Instructions for the task =
As the answer, return precisely the lines from the one containing "Funny Gingerbread Six" to the final line of the material below, inclusive, and omit every picture.

Dataset extract =
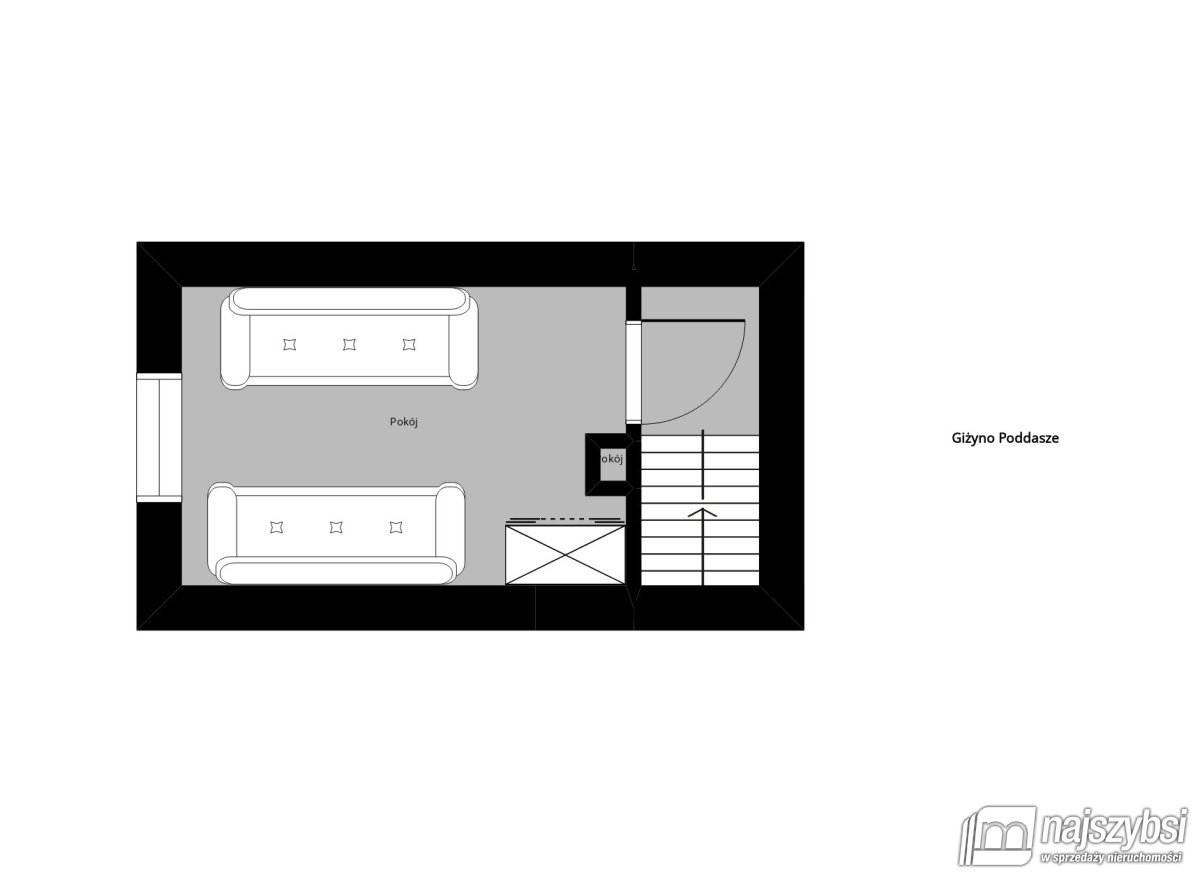 GIŻYNO - DOM BLIŹNIAK, z dala od zgiełku  (37)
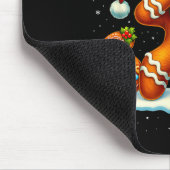 Funny Gingerbread Six Seven 67 Ice Cream Drip Chri マウスパッド (コーナー)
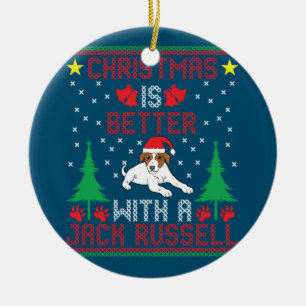 Christmas Is Better With A Jack Russell Terrier Ug Ceramic Tree Decoration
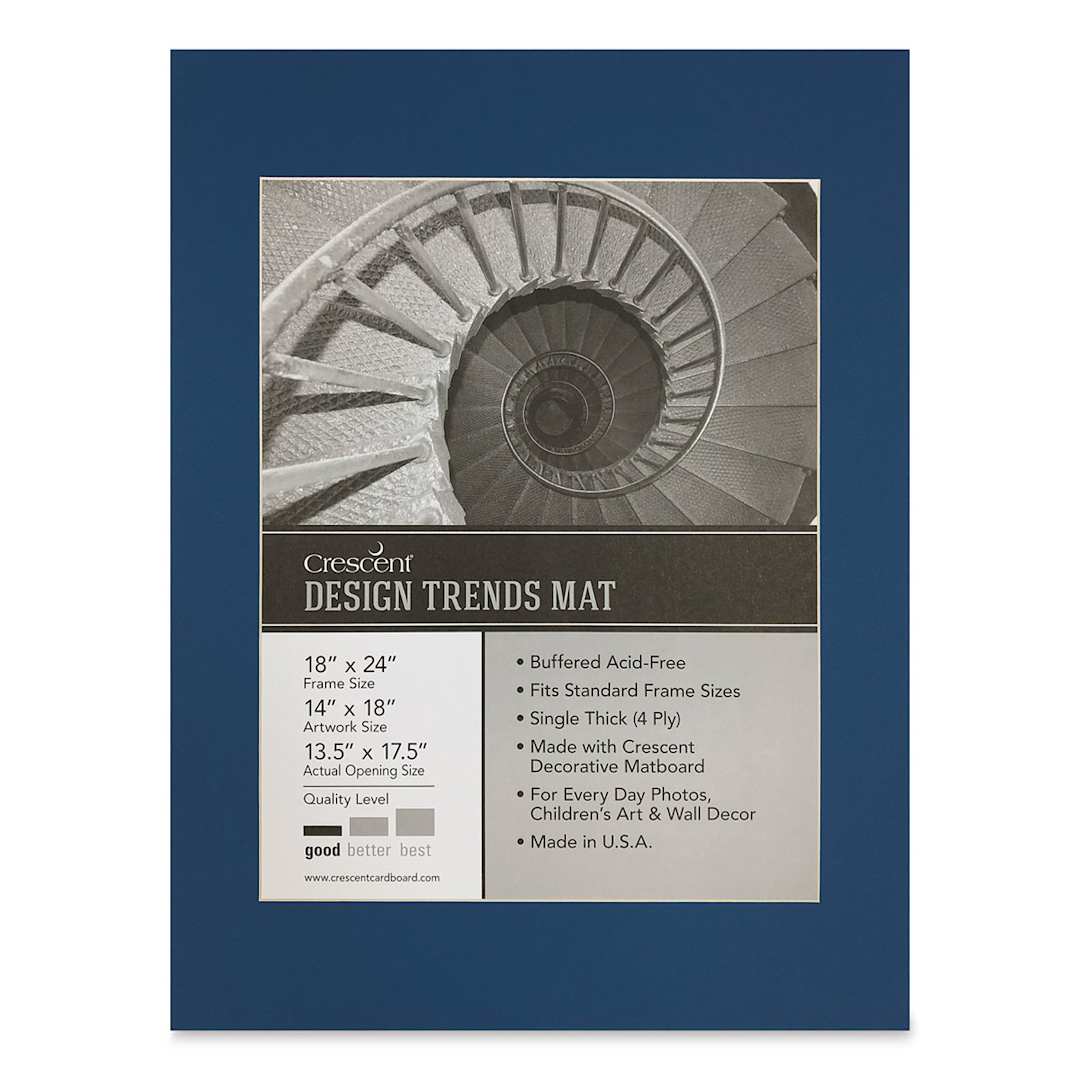 Open in modal - Crescent Pre-Cut Mat - Bottle Blue, 18" x 24" (13-1/2" x 17-1/2" Opening)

Expected output =
 Funny Gingerbread Six Seven 67 Ice Cream Drip Chri マウスパッド (コーナー)
 Christmas Is Better With A Jack Russell Terrier Ug Ceramic Tree Decoration
 Open in modal - Crescent Pre-Cut Mat - Bottle Blue, 18" x 24" (13-1/2" x 17-1/2" Opening)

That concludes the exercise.